I’ve made it a goal to help photography enthusiasts Say NO to Auto, but some readers are confused by which auto setting I am referring to. My book title is a reference to shooting with automatic mode instead of learning how to shoot in full manual settings. However, there’s one auto setting I embrace regularly: Auto focus.
For a long time, I didn’t realize that the lens had a switch to choose between focusing automatically or manually. It’s just a little switch, after all. If you didn’t know what you were looking for, you might dismiss it as just another confusing button on your fancy camera. The switch options are typically somewhat mysterious, like AF or MF.
Every once in a while, I’d grab my camera to take a shot, attempt to focus and find that the focus isn’t working. When that happened a few years ago, I’d fiddle with my camera in frustration, detach — then reattach — the lens, and if I had a client, I’d be sweating when I couldn’t figure it out. Of course, these days I know that that switch on the lens often gets bumped, and your auto focus doesn’t work (whether it is a custom button by pressing the shutter release partway down) if the switch is set to manual.

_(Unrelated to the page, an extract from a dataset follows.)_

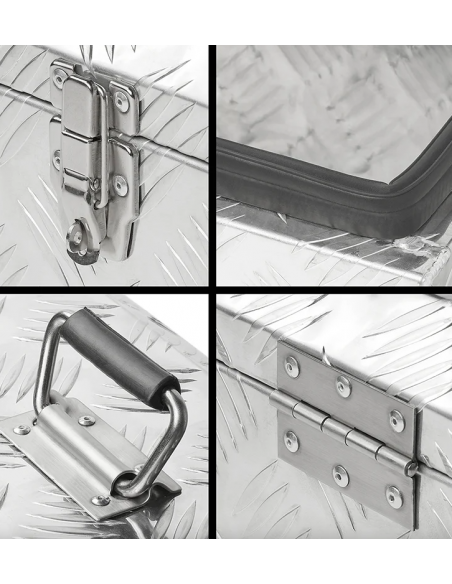 Boîte à outils, aluminium, 570 x 245 x 220 mm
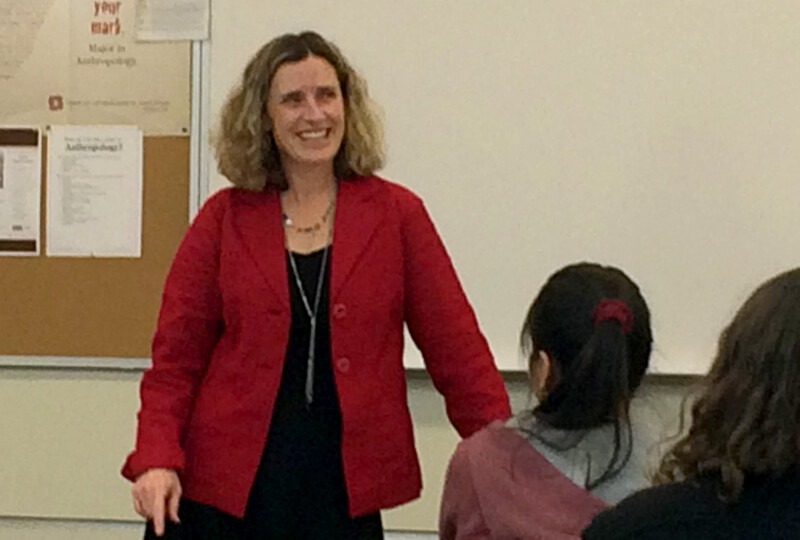 Dr. Teri Thaemert was a guest speaker in College of Western Idaho instructor, Cathy Carson’s, Math for Elementary Teachers classes the week of Dec. 4.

This minimizes frustration on my part, since it’s a quick and easy fix.
Ninety five percent of the time, I use the auto focus setting when I’m shooting. I primarily photograph people, and my auto focus setting has served me well all these years. I most often switch to manual focus when I am shooting up close. The manual focus helps because I’m shooting so close that my lens has a hard time grabbing a focal point.
If that is the case, I’ll switch to manual focus, adjust my settings and shoot away. In the image below, I was photographing some lemons hanging in a tree. I wasn’t able to grab my focus well enough on the auto focus setting, but once I switched to manual focus, I was able to capture just the right image.
In case you were one of those people feeling guilty for shooting on auto focus — don’t. Many photographers do, especially portrait photographers. It’s when you really want to get up close that it makes a difference to switch to manual focus, ensuring your close shots are focusing precisely on the part of the image that you want.